The real question is: how far should writers and producers take this kind of thing? There’s no question that fans are a force to be reckoned with. The last few years have seen entire series revived through fans’ efforts: when Firefly, Joss Whedon’s space western, was cancelled after one season, fans successfully campaigned to get it released on DVD, sales of which led to the commissioning of a film sequel; likewise, Arrested Development got a film adaptation and at least one further season when its fanbase grew to substantial proportions thanks to DVD sales and Netflix.
Naturally, if the team behind a hit TV show panders too far to the fans’ whims, there will be accusations of selling out and brown-nosing. On the other hand, ignoring the fans completely – or deliberately choosing to mess with them – can be dangerous. Shows like How I Met Your Mother, which eight seasons in has yet to reveal who the eponymous mother is, has slowly worn down its viewers’ interest so that the majority of them are now just praying for it to be over; meanwhile, one-off events like the notorious ‘Red Wedding’ on Game Of Thrones or the rape scene in Downton Abbey can cause viewers to be “5000% done” with a show they once loved.
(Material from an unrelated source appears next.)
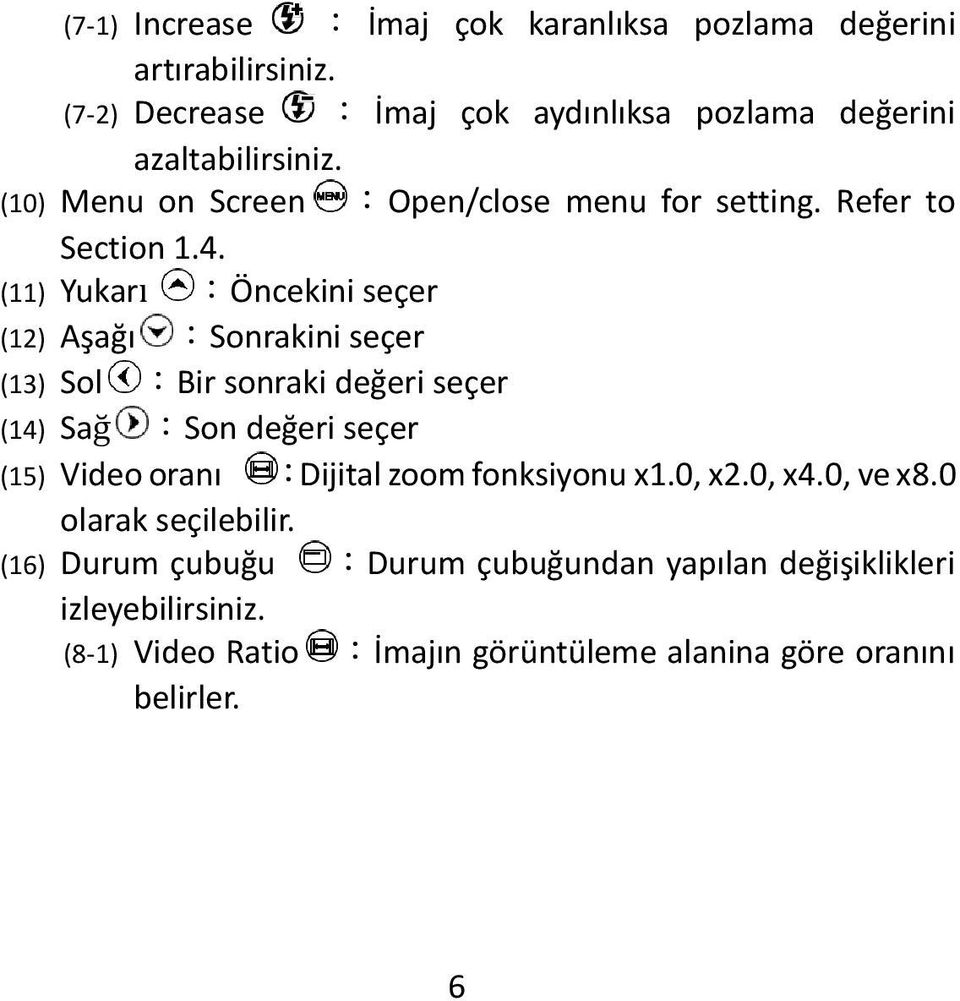 (11) Yukarı :Öncekini seçer (12) Aşağı :Sonrakini seçer (13) Sol :Bir sonraki değeri seçer (14) Sağ :Son değeri seçer (15) Video oranı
Thus far, both Joss Whedon and Steven Moffat seem to be getting the balance just about right. The Internet has frequently vented its anger at them, but it’s an anger borne from love; and, crucially, people are still watching their shows. Whedon has a loyal following of fans who’ve jumped eagerly into Buffy, Angel, Dollhouse, Firefly and Agents of SHIELD; meanwhile, the first episode of the most recent season of Sherlock was the most tweeted-about episode of any drama series, a record which the third episode summarily went on to break. Clearly, they’re doing something right, even if they occasionally cause their fans moments of angst and despair. So well done, and we’ll be waiting with bated breath for the next season. Which would be welcome as soon as possible. Please. Grrr.